Mr. Childs was born June 26, 1869, in Allen County in an old log cabin that stood on the farm now owned by L. L. Northrop near Iola. His parents, Lucas S. and Sophia (Keyes) Childs had come to Kansas and located on this farm in 1867. They were natives of New York State, where they had grown up and married, and both were of Scotch-Irish ancestry. Before coming to Kansas Lucas S. Childs proved himself a gallant defender of the Union during the Civil war. He served with the One Hundred and Thirty-sixth New York Infantry, participated in twenty-two engagements, and was in some of the most memorable battles of the conflict, including Gettysburg, Antietam, Lookout Mountain and the Atlanta Campaign and the March to the sea. He held the rank of corporal and though in some of the most hotly fought campaigns of the war he was never seriously wounded.
Kansas as a land of opportunity beckoned to him as a place in which to provide for his growing family, and in Allen County he developed a productive farm out of a tract of land originally in a state of virgin nature. For years after he came to Kansas many of the counties were sparsely settled and few of the institutions of civilization had reached them. Lucas S. Childs, after his sons were old enough to take charge of the farm, devoted himself to the work of the church and the extension of religious influences along the frontier. For a number of years he represented the American Tract Society in distributing Bibles and religious pamphlets, and also did the practical work of the minister. He visited many a lonely dugout and sod house on the western prairies, and brought consolation and the light of the Gospel into those homes. He was a man of liberal education and was finally ordained to the ministry of the Congregational Church, and gave the last twenty-five years of his life to its work. As Kansas became more and more developed through the extension of railways and settlements, and as churches were established in nearly all the communities, Mr. Lucas Childs found further opportunities for carrying on his good work in the Territory of Oklahoma. He was engaged in church extension work there and altogether built twelve churches in as many settlements. His last years were spent in Oklahoma, and his death occurred at Adair in that state in August, 1909. As a Kansas he had endured all the hardships of the grasshopper era and of continued drought and had finally reached a place where he was almost financially independent and at the same time had extended liberal assistance to some of his less fortunate neighbors in the struggle with soil and climate. He also stood shoulder to shoulder with the pioneer Kansas during their fight for prohibition. His widow is still living in Oklahoma. They were the parents of five children: Minnie A., who lives at Adair, Oklahoma; Mrs. Sadie Childs Lee of Adair, at whose home her mother resided; Frederick, who occupies the old homestead farm in Allen County which he had since increased to 480 acres; and Wesley R. One son is now deceased.

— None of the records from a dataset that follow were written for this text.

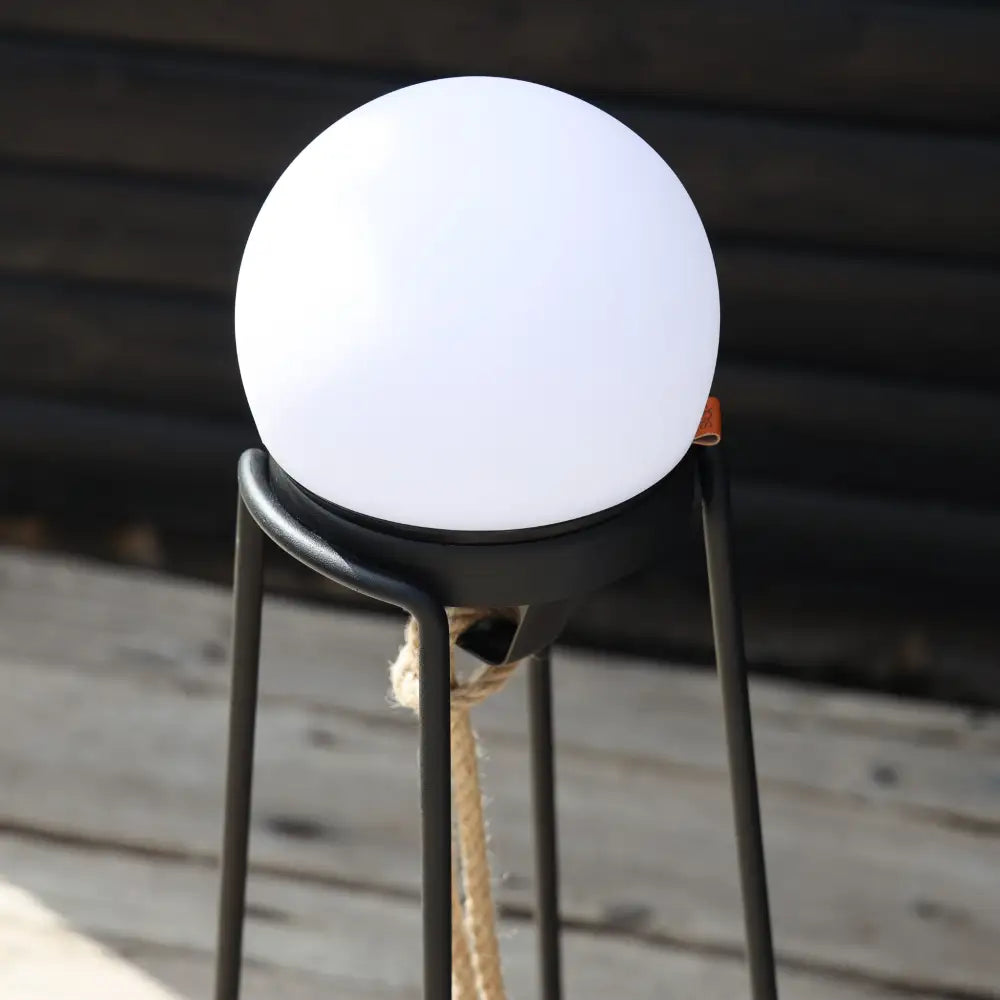 SACKit Light 150 ulkovalaisin SACKit Patio -jalustalla pihalla – tyylikäs liikelahjasetti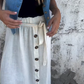 🎀 Effen Kleur Rok | Knoopdetails & Strikceintuur – Tijdloze Garderobe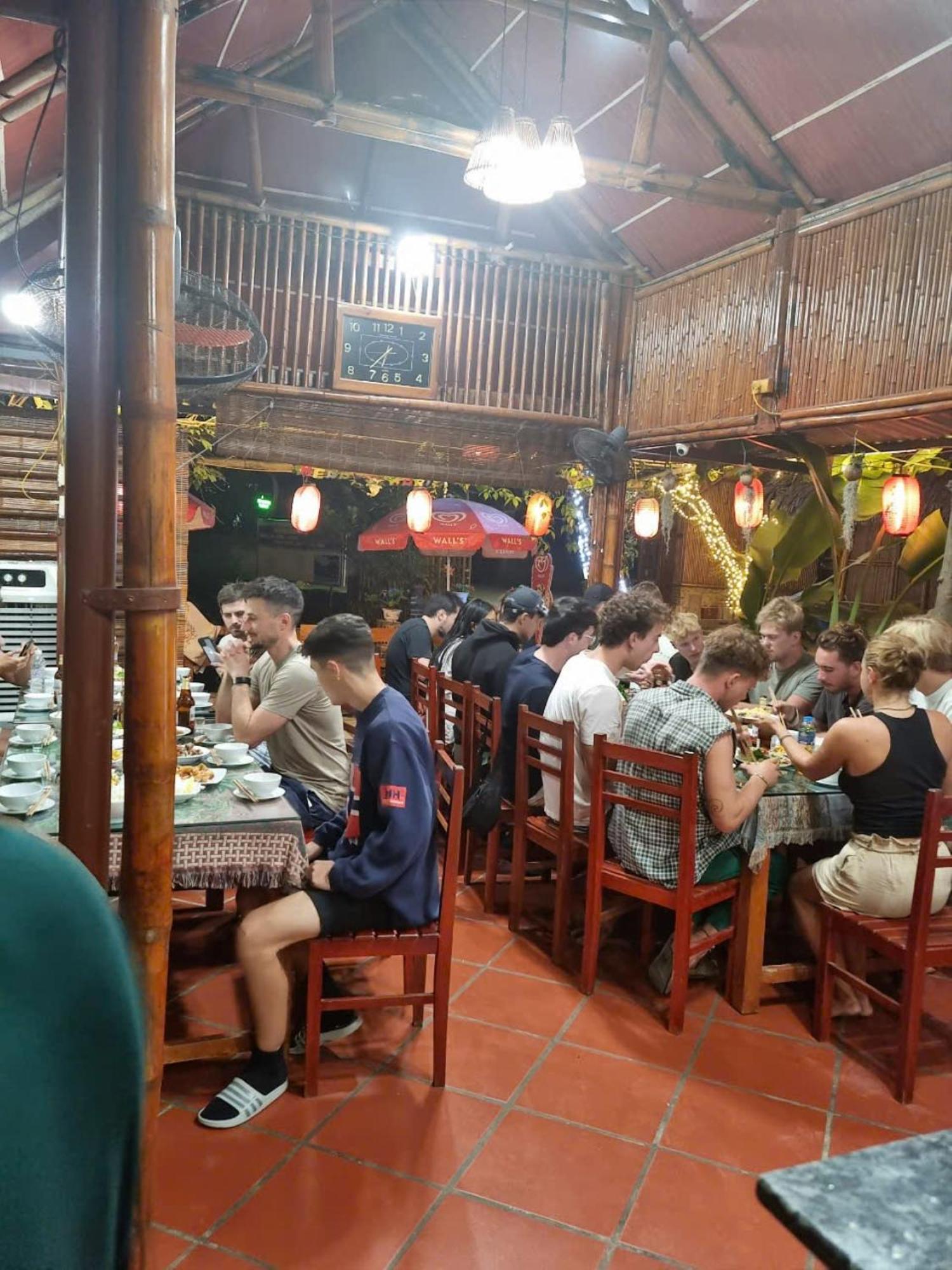 Hoalu Backpacker Homestay นิญบิ่ญ ภายนอก รูปภาพ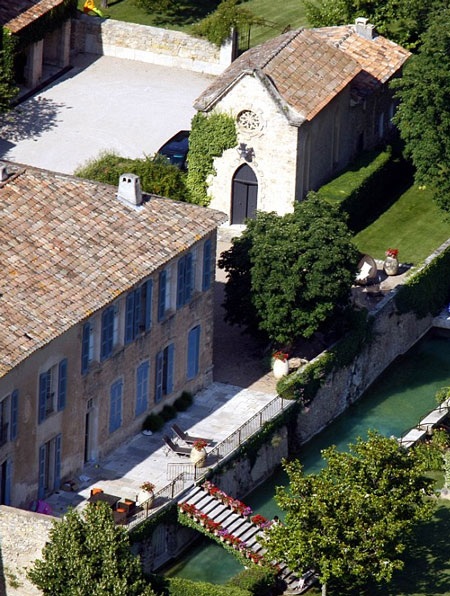 Tổ ấm tại Pháp của Brad Pitt và Angelina Jolie rất ấm cúng và thân thiện.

Wesley R. Childs had some recollections of a Kansas farm during the plague stricken and dry years of the ’70s and ’80s. As a boy he had only the advantages afforded by the district schools of Allen County. He early determined to become self supporting and his higher education was acquired largely through his own efforts and earnings. He spent about two years in Park College on the Missouri River above Kansas City, and paid his expenses while in that school. For a time he worked in a smelter at Scammon, Kansas, and then became a car trimmer with a coal mining company at Weir City. He was employed in a similar capacity by the J. C. Crowe Coal & Mining Company of Kansas City, Missouri, and gradually worked himself to a position where he could command larger responsibilities. He became a salesman for the Crowe Company, and eventually was promoted to general sales manager. In 1895 he removed to Kansas City, Kansas, and opened an office for the Crowe Coal & Mining Company and continued to handle their business in that city for over ten years.
On April 29, 1907, Mr. Childs was appointed postmaster of Kansas City, Kansas. His appointment was not confirmed by the United States Senate until the following December. He served through the remainder of the Roosevelt administration, also under President Taft, and held the office during nine months of President Wilson’s term. While postmaster Mr. Childs’ administration was marked by many improvements. During that time an appropriation of $165,000 was obtained to remodel and extend the old postoffice. Fifteen additional postal stations were installed, and many other improvements effected, including the establishment of a postal savings bank and the installation of the parcel post system.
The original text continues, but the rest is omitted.